SUPPLIED MATERIAL>
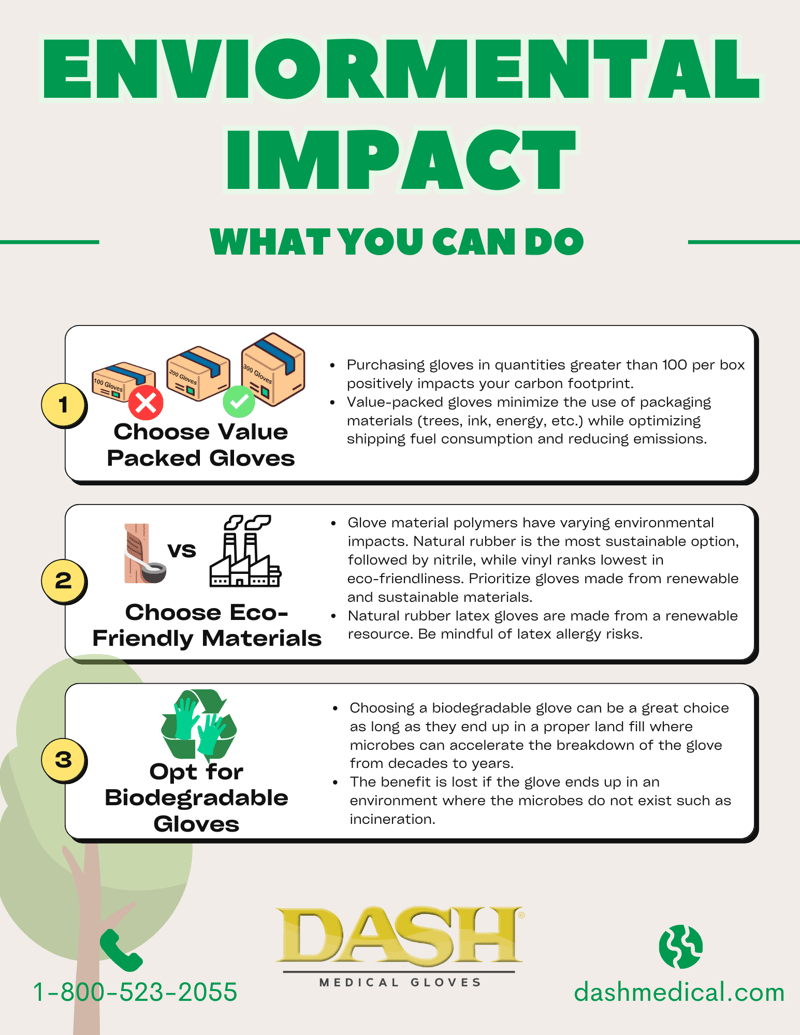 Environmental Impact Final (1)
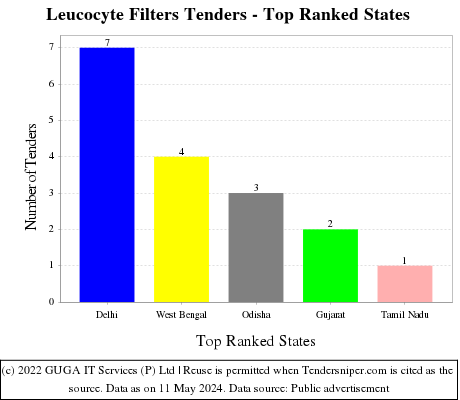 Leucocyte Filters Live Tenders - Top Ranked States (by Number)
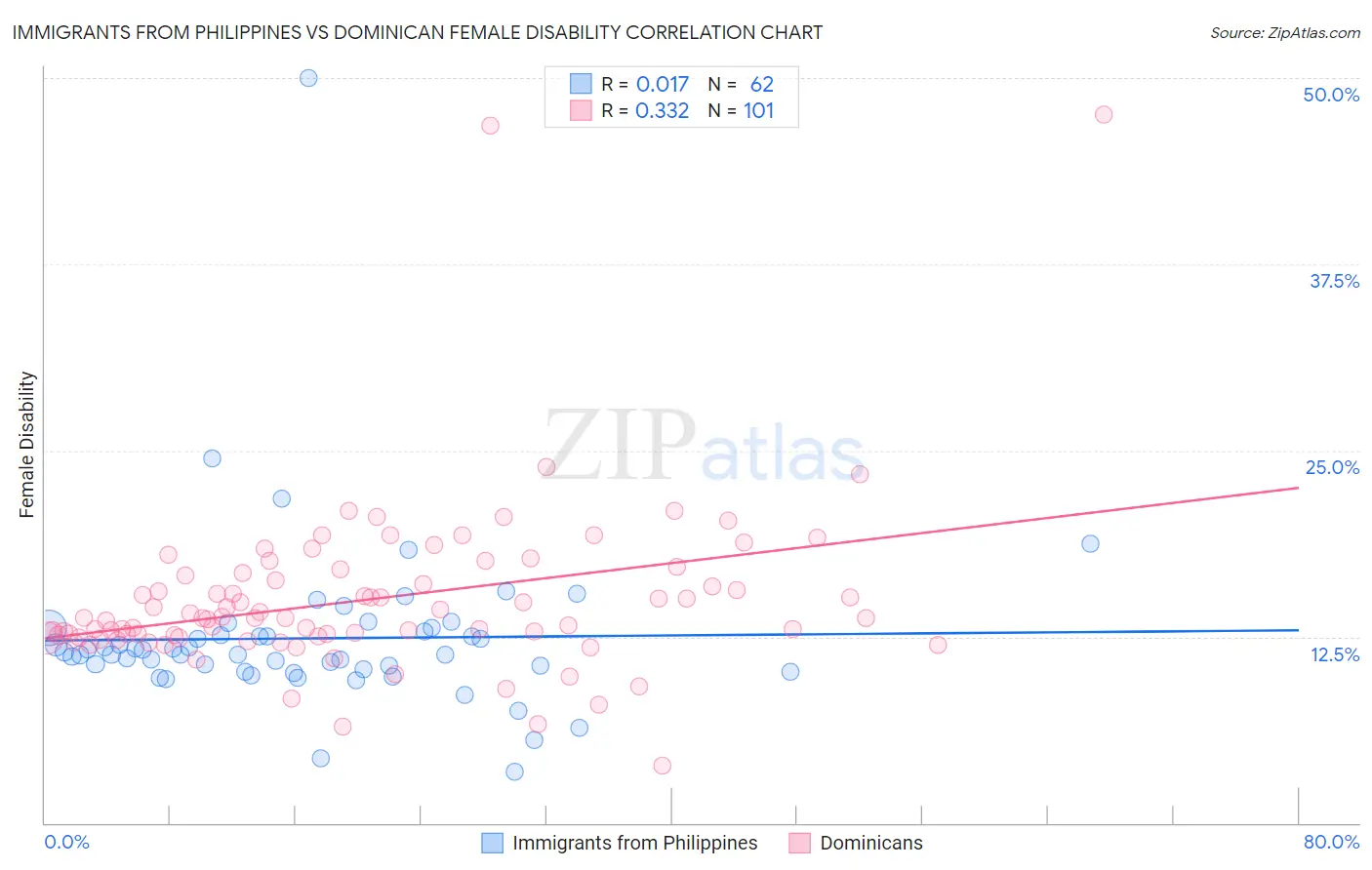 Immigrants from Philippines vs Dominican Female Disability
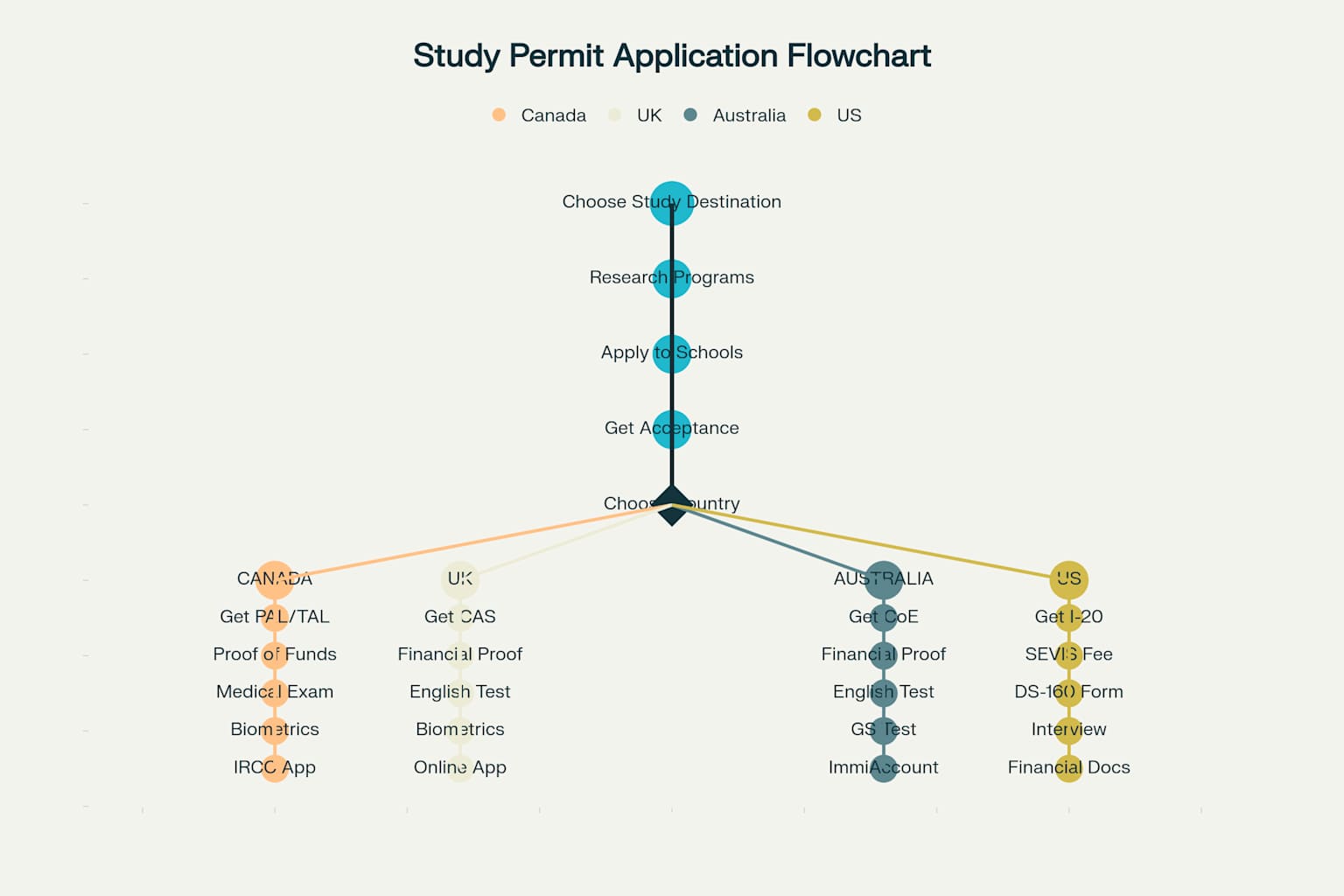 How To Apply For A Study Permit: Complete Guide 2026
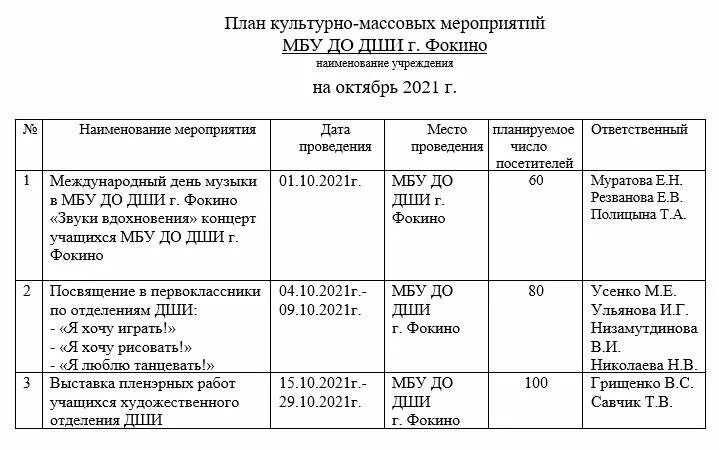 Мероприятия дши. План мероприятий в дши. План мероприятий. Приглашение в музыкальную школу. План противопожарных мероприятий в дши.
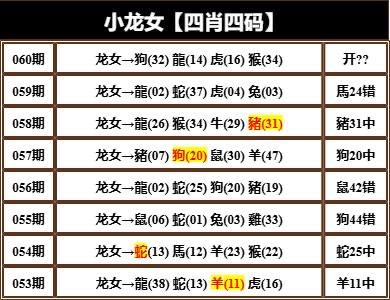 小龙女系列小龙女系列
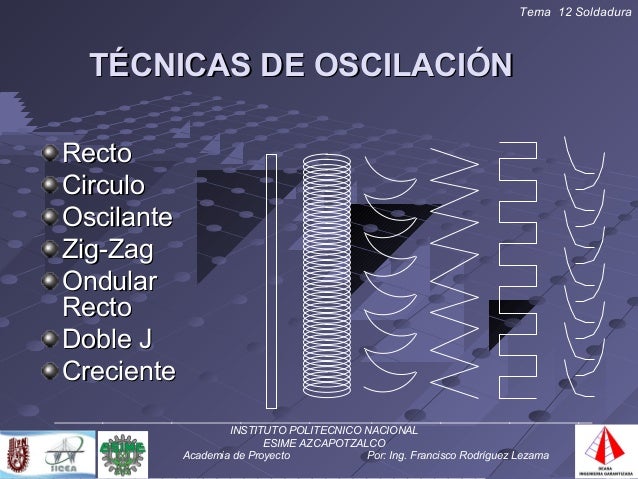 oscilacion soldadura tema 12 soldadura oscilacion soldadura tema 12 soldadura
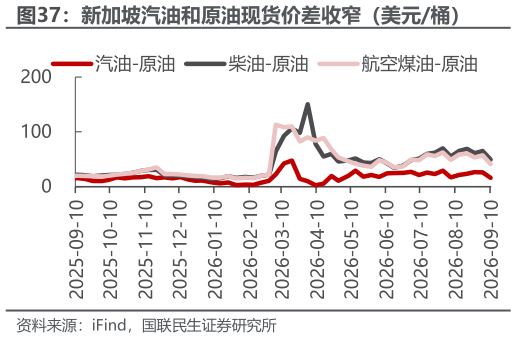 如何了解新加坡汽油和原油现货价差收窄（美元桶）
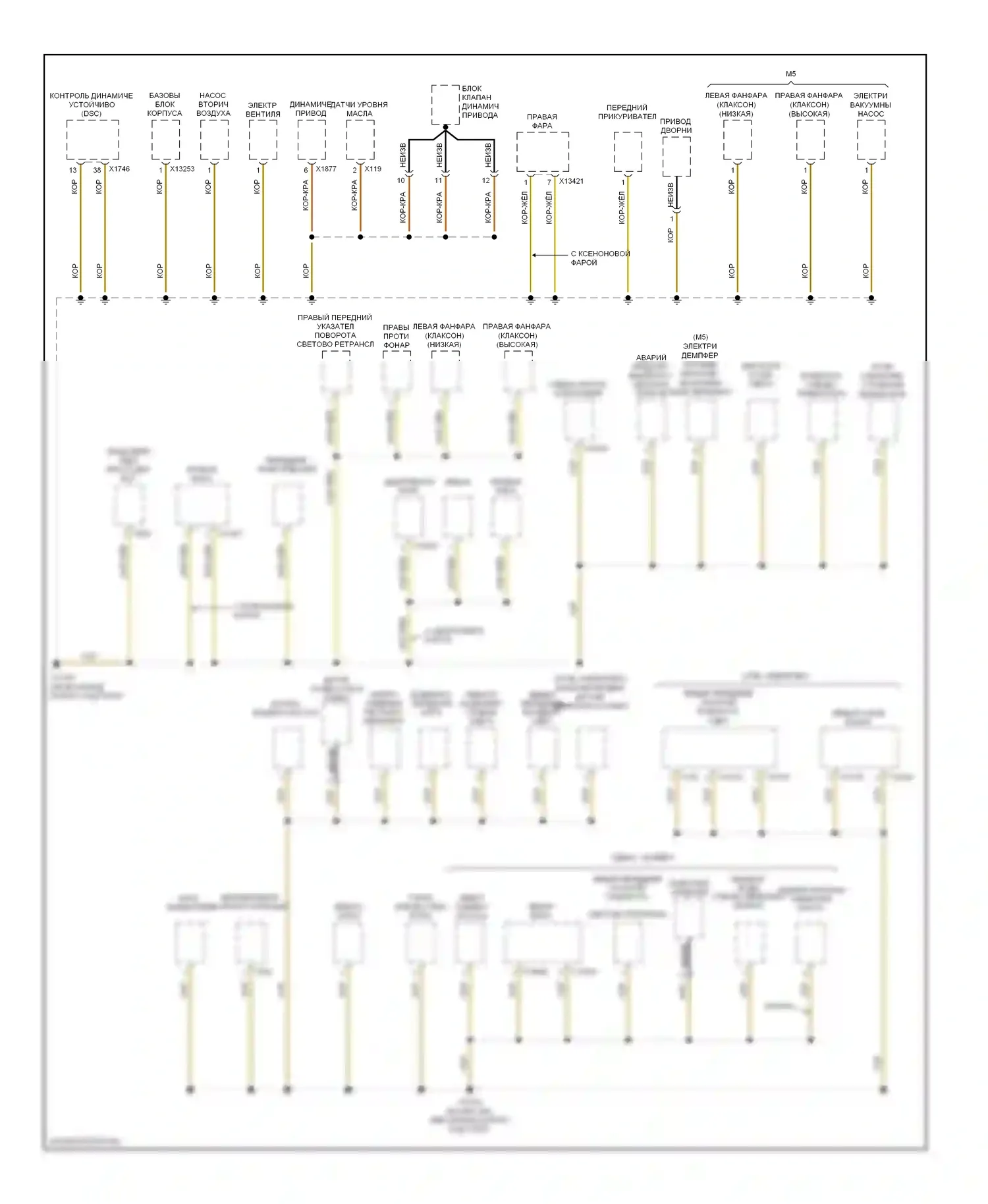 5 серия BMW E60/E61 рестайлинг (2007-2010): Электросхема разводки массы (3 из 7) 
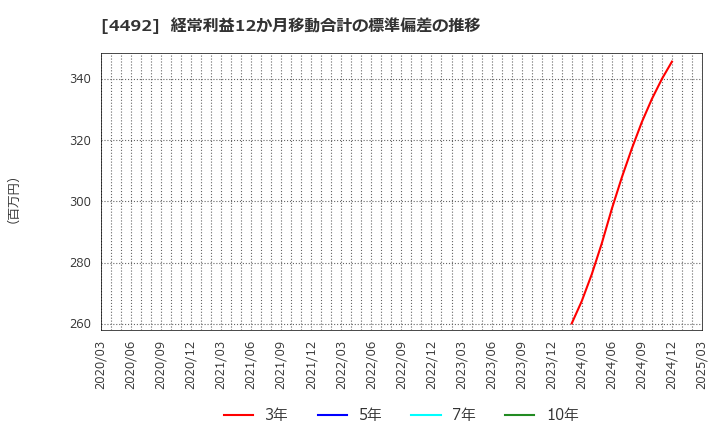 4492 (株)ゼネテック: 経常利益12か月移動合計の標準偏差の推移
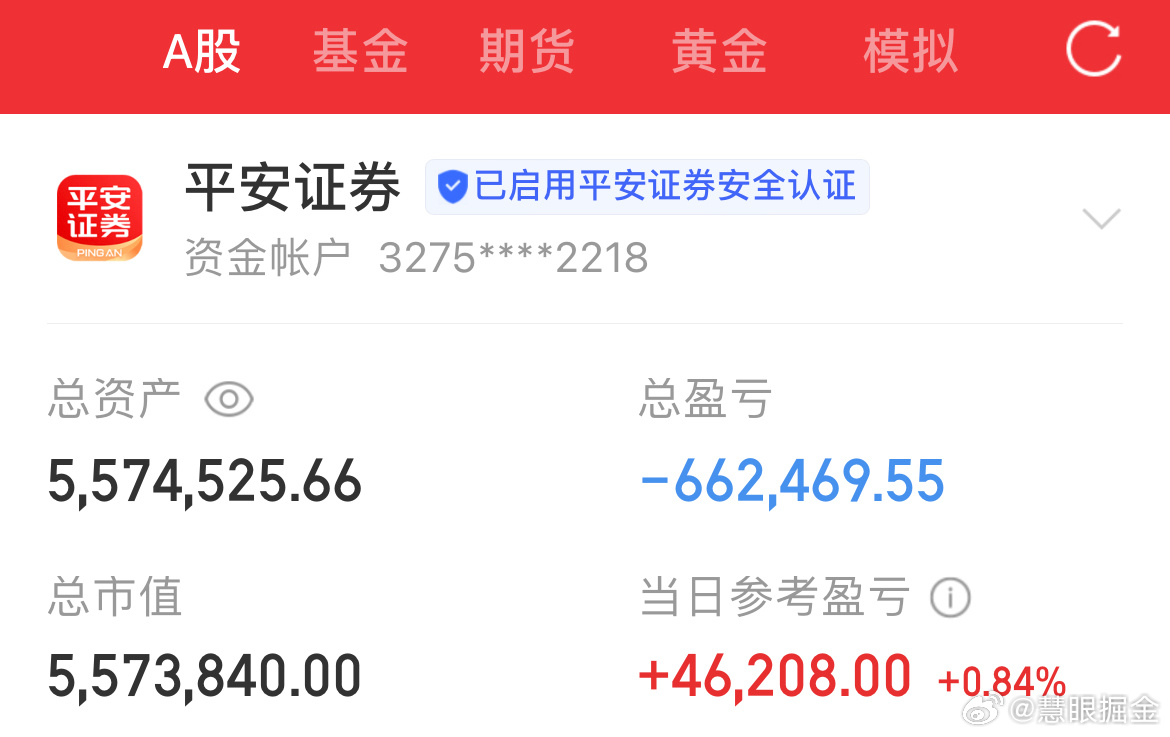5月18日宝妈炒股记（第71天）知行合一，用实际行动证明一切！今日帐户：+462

YOUR INSTRUCTIONS> With pictures omitted, reproduce exactly the lines from the line containing "5 серия BMW" through the end of the data above.

ANSWER BELOW>
 5 серия BMW E60/E61 рестайлинг (2007-2010): Электросхема разводки массы (3 из 7) 
 4492 (株)ゼネテック: 経常利益12か月移動合計の標準偏差の推移
5月18日宝妈炒股记（第71天）知行合一，用实际行动证明一切！今日帐户：+462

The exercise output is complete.